Jung wrote frequently about the Kore (maiden, matron, crone) and the "stages of eroticism" (Eve, Mary, Helen, Sophia). The feminine principle’s many aspects resonate throughout the study and are emphasized in the opening chapters on Ernest Hemingway, Henry Rider Haggard, and Olive Schreiner. The anima-as-field can be "tapped" just as the collective unconscious can be reached through nekyia or descent. These processes are discussed in the middle chapters on novels by Laurens van der Post, Doris Lessing, and J. M. Coetzee. The final chapters emphasize the anima’s role in political/colonial dysfunction in novels by Barbara Kingsolver, Chinua Achebe/Nadine Gordimer, and Aphra Behn.

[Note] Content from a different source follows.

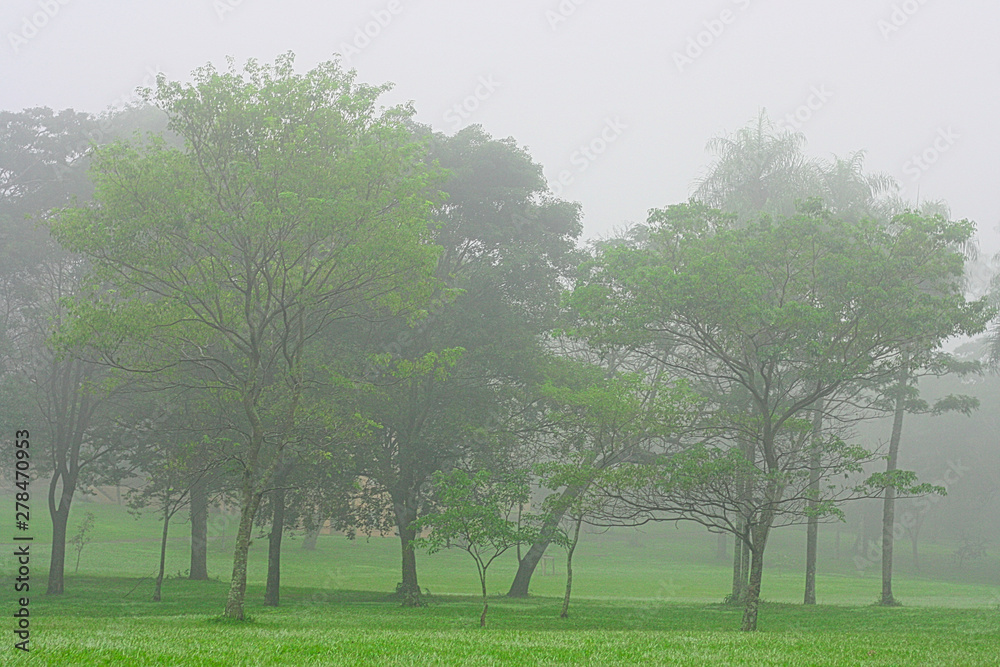 Fototapeta premium Arboles verdes en el parque en un día con mucha niebla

Anima and Africa applies Jung’s African journeys to literary texts, explores his interest in Haggard, and provides fresh insights into van der Post’s late novels. The study discovers Lessing’s use of Jung’s autobiography, deepens the scholarship on Coetzee’s use of Faust, and explores the anima’s relationship to the personal and collective shadow. It will be essential reading for academics and scholars of Jungian and post-Jungian studies, literary studies, and postcolonial studies, and will also appeal to analytical psychologists and Jungian psychotherapists in practice and in training.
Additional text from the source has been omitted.